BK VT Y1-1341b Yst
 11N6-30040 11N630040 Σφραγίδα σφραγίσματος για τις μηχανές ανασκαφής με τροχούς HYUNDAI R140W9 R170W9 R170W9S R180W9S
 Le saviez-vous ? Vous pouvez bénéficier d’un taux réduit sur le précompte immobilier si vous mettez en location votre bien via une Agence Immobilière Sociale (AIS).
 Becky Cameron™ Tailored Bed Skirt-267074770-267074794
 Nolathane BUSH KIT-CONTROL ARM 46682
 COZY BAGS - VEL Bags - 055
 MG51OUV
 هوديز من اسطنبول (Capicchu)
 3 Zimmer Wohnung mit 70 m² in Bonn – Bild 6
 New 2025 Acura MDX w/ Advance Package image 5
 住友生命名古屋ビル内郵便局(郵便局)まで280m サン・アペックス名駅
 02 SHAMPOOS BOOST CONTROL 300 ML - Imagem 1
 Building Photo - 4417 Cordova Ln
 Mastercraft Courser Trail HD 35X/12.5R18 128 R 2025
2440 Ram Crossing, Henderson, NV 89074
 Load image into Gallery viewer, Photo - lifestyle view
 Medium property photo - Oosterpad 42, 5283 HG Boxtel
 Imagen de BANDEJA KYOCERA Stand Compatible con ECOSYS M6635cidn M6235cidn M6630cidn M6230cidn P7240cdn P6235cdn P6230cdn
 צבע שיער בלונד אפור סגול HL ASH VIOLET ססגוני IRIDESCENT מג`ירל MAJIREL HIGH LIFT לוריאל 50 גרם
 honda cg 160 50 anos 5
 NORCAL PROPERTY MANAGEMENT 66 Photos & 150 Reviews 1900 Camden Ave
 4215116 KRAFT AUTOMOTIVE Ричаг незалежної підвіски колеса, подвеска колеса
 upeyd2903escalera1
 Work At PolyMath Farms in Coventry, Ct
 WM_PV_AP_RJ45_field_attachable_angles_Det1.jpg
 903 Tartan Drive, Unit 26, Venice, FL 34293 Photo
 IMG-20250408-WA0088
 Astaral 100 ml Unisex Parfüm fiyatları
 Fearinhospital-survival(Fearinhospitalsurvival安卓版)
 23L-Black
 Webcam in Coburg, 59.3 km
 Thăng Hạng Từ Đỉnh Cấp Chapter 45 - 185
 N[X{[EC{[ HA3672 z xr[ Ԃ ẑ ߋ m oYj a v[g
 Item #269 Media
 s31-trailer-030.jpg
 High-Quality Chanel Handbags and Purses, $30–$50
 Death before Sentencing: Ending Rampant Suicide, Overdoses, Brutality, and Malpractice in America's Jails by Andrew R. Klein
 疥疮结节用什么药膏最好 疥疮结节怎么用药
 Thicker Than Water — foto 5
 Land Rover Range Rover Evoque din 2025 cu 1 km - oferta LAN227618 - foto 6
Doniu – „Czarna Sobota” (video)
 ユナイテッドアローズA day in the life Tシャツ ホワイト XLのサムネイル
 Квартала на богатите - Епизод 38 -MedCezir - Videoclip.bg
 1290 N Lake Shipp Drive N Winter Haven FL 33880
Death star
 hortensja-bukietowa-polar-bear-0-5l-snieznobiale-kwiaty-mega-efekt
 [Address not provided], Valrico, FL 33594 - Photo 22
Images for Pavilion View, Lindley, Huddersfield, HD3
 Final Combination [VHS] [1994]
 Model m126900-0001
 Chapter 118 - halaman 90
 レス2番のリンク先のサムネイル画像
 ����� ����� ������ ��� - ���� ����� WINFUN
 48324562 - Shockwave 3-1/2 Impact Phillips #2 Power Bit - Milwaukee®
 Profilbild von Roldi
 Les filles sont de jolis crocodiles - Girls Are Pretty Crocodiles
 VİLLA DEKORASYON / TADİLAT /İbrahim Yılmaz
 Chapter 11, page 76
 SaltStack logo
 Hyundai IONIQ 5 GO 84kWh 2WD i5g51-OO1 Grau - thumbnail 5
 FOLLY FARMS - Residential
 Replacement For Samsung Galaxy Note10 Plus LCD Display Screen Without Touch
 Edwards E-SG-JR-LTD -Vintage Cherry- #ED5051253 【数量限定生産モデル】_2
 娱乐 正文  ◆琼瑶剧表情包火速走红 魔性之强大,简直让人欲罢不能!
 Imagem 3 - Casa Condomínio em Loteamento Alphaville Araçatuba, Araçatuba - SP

--- YOUR TASK ---
Everything from the first line above through the line that contains "Imagen de BANDEJA" should be duplicated exactly, please, and nothing beyond it.

--- EXERCISE RESULT ---
BK VT Y1-1341b Yst
 11N6-30040 11N630040 Σφραγίδα σφραγίσματος για τις μηχανές ανασκαφής με τροχούς HYUNDAI R140W9 R170W9 R170W9S R180W9S
 Le saviez-vous ? Vous pouvez bénéficier d’un taux réduit sur le précompte immobilier si vous mettez en location votre bien via une Agence Immobilière Sociale (AIS).
 Becky Cameron™ Tailored Bed Skirt-267074770-267074794
 Nolathane BUSH KIT-CONTROL ARM 46682
 COZY BAGS - VEL Bags - 055
 MG51OUV
 هوديز من اسطنبول (Capicchu)
 3 Zimmer Wohnung mit 70 m² in Bonn – Bild 6
 New 2025 Acura MDX w/ Advance Package image 5
 住友生命名古屋ビル内郵便局(郵便局)まで280m サン・アペックス名駅
 02 SHAMPOOS BOOST CONTROL 300 ML - Imagem 1
 Building Photo - 4417 Cordova Ln
 Mastercraft Courser Trail HD 35X/12.5R18 128 R 2025
2440 Ram Crossing, Henderson, NV 89074
 Load image into Gallery viewer, Photo - lifestyle view
 Medium property photo - Oosterpad 42, 5283 HG Boxtel
 Imagen de BANDEJA KYOCERA Stand Compatible con ECOSYS M6635cidn M6235cidn M6630cidn M6230cidn P7240cdn P6235cdn P6230cdn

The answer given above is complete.